I recently had the pleasure of sucking on a natural tit as opposed to my ex-girlfriend’s manmade parts, and I have to say—there really is nothing sweeter than a good old-fashioned titty made from scratch.
Nothing but cum and egg and mama’s genes! No silicone, saline, or any other weird solutions. A real titty feels more intimate, as if closer connected, whereas a fake tit puts out the whore vibe. By default, dudes don’t take women with fake tits seriously. No one wants to admit it, but chicks with fake tits are viewed as whores because it was whores that first invented them—women such as Anna Nicole Smith, Pamela Anderson, and whatever bitch Ice-T is fucking (plus all those hoes in Jay-Z’s “Big Pimpin’” video). But this isn’t a stab at my ex-girlfriend or whatever woman reading this with unnatural breasts; I’m only writing the unspoken truth. Even though Nik Richie and his vast army of followers would highly disagree (but they’re all kooks, anyway), most men prefer natural tits.
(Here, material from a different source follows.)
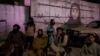 FILE - Taliban fighters sit in front of a mural depicting a woman behind barbed wire, in Kabul, Afghanistan, Sept. 21, 2021.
And with that I present the top ten best natural tits list!
10. Miranda Kerr
Look at those delicious bite-sized nuggets! Yum! Yum!! Did you just cum in your pants? Me, too. Can you imagine coming home from work to find these perky little mits jumping up and down on the bed while Miranda is chanting, “FUCK ME! FUCK ME!! FUCK ME!” She’s been holed-up indoors all day on Facebook and you’re FINALLY fucking home to fuck her brains out and then spoon on the couch watching Louie
. Why can’t this dream come true for me?